Items listed in a dataset:
==================================================
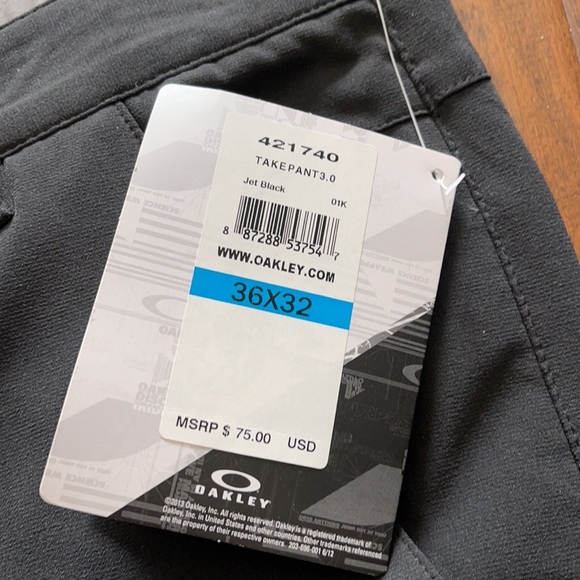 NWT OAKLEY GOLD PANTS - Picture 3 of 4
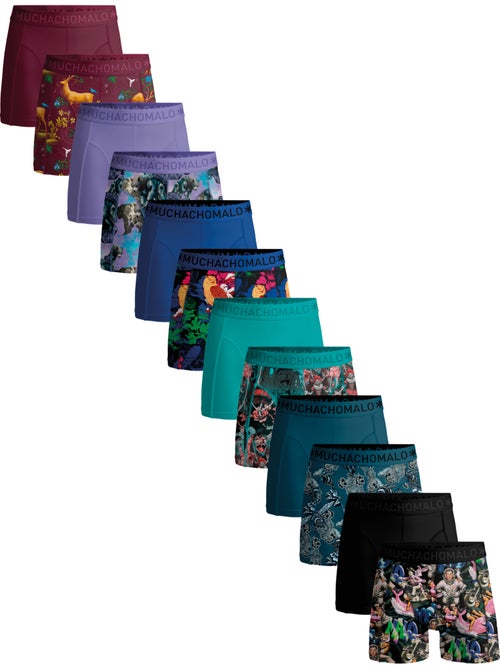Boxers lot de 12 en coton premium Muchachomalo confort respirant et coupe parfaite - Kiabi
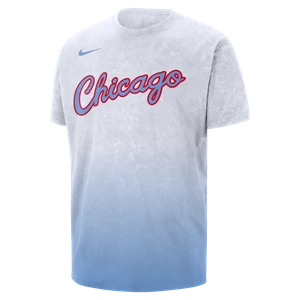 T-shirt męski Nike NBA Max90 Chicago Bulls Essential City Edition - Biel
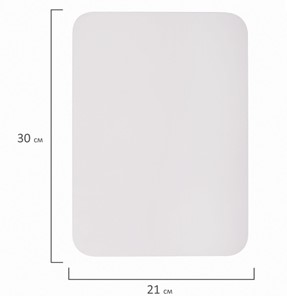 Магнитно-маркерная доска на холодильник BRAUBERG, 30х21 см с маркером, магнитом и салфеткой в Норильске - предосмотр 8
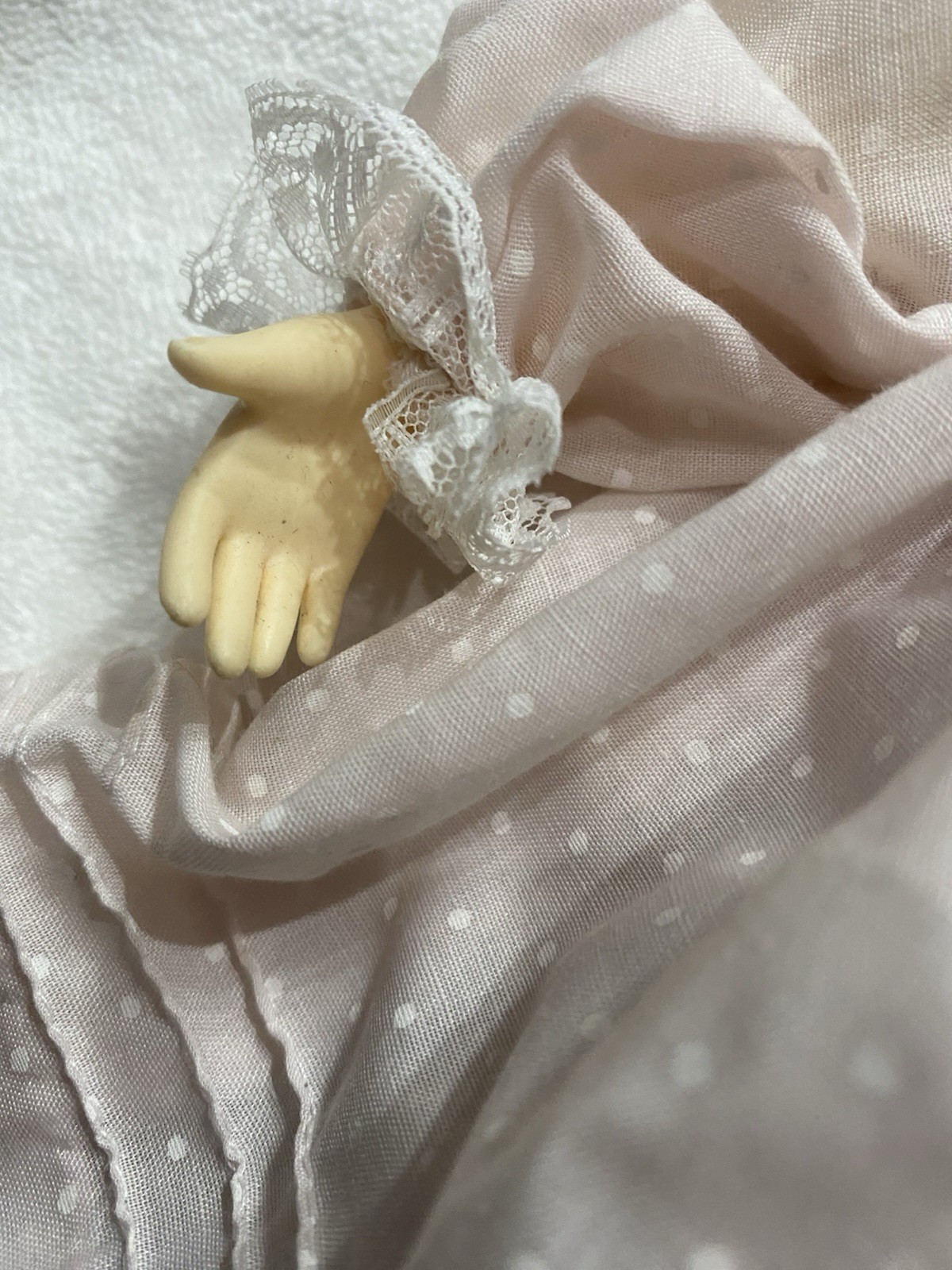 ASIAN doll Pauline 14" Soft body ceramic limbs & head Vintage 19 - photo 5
==================================================
* TASK DETAILS
Please write out, word for word, only the lines from the one holding "Boxers lot de" through the end of the records above, with both end lines included and the pictures dropped.

* EXERCISE RESULT
Boxers lot de 12 en coton premium Muchachomalo confort respirant et coupe parfaite - Kiabi
 T-shirt męski Nike NBA Max90 Chicago Bulls Essential City Edition - Biel
 Магнитно-маркерная доска на холодильник BRAUBERG, 30х21 см с маркером, магнитом и салфеткой в Норильске - предосмотр 8
 ASIAN doll Pauline 14" Soft body ceramic limbs & head Vintage 19 - photo 5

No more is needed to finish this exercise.